Big data : Ubiquick passe au crible 350 secteurs d'activités
Stéphanie Borg
Stéphanie Borg
Chaque jour, quelques milliers d'études publiques (statistiques, données, rapports) sont mises en ligne sur internet. Si Google permet d'accéder à ce type d'information gratuitement, elles sont parfois difficiles à identifier.
Quelques éditeurs ont mis au point des moteurs de recherche spécifiques et spécialisés dans la détection de ces données. Parmi eux, le lyonnais Ubiquick, qui a réussi à imposer sa plateforme, reportlinker.com, aux côtés du japonais Global Information ou de l'américain marketresearch.com.

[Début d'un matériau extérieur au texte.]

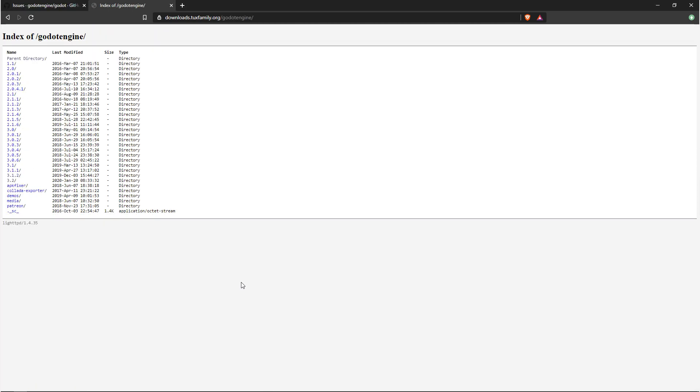In here, you can see all the different versions of Godot that have been released in the past. As betas, alphas, and release candidates come online, they'll be released here.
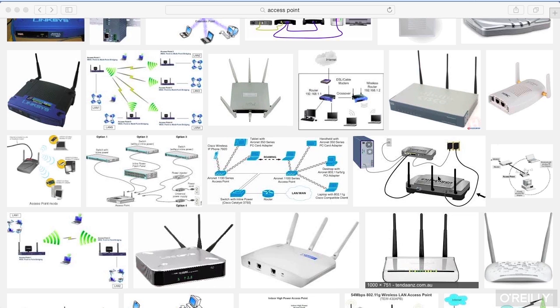Hub-and-spoke is — if you think about a wagon wheel — you've got the center hub, and then you've got the spokes radiating out from it. That's really what we're talking about with an infrastructure mode network. You've got the central hub, which would be the access point, and then all of your devices are radiating out from it like the spokes of a wagon wheel.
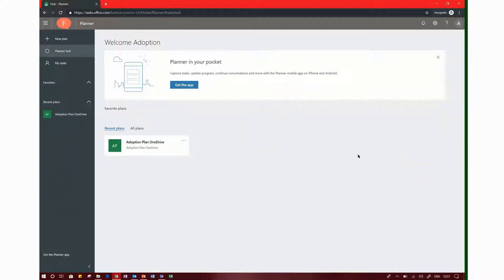Hello everyone, welcome to this Photon Academy session. In this video, I will show you how to copy a Microsoft plan and create a new plan.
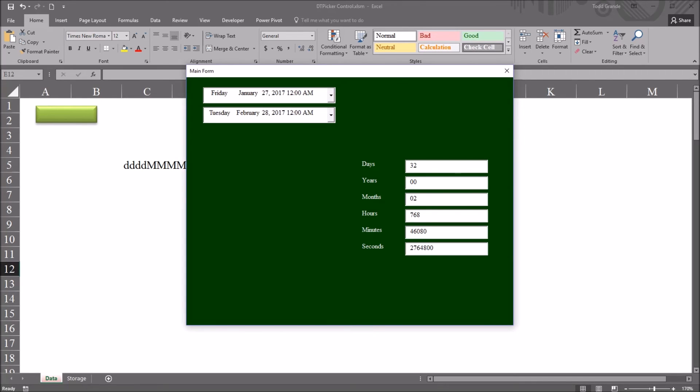So you can see here for days we have 32 days. No years. It's showing two months because we have one full month and a partial - that's why it's displaying two months there. 768 hours, and of course the minutes and seconds as well.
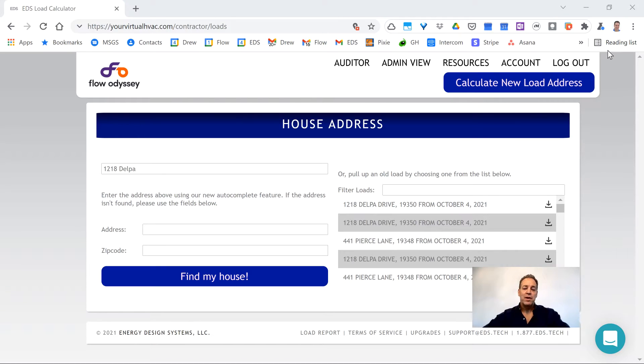Hi, I'm Drew Cameron, co-owner of Energy Design Systems, and today I'm going to give you an overview of the EDS load calculator program.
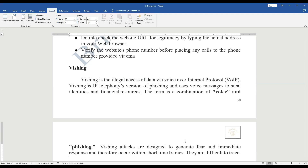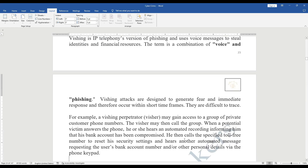Next is vishing — voice phishing (VoIP). Vishing involves sending voice messages through telephone to steal identities and financial resources. It is similar to phishing, but through phone calls. Vishing attacks are designed to generate fear and an immediate response. When a person hears an automated message through a phone call, they panic and start providing information such as account numbers, passwords, or credit card details, giving the visher all their personal and banking details.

Objectif affiché : faire gagner du temps aux utilisateurs grâce à cette plateforme unique de recherche via des mots-clés proposant une vue rapide du sujet avant le téléchargement définitif.
Lancé en 2007, le site s'appuie sur une base de données de quatre millions de documents et compte 4 000 abonnés sur une formule d'abonnement au mois. Il produit des analyses sur 350 secteurs d'activités.
Si Ubiquick (48 salariés dont 45 basés à Lyo,n le reste étant réparti à Oxford, Londres et Francfort) a réussi à convaincre, c'est grâce à son moteur 100 % anglophone. Il réalise ainsi 97 % de son chiffre d'affaires (8 millions d'euros en 2015) à l'export, en priorité aux États-Unis.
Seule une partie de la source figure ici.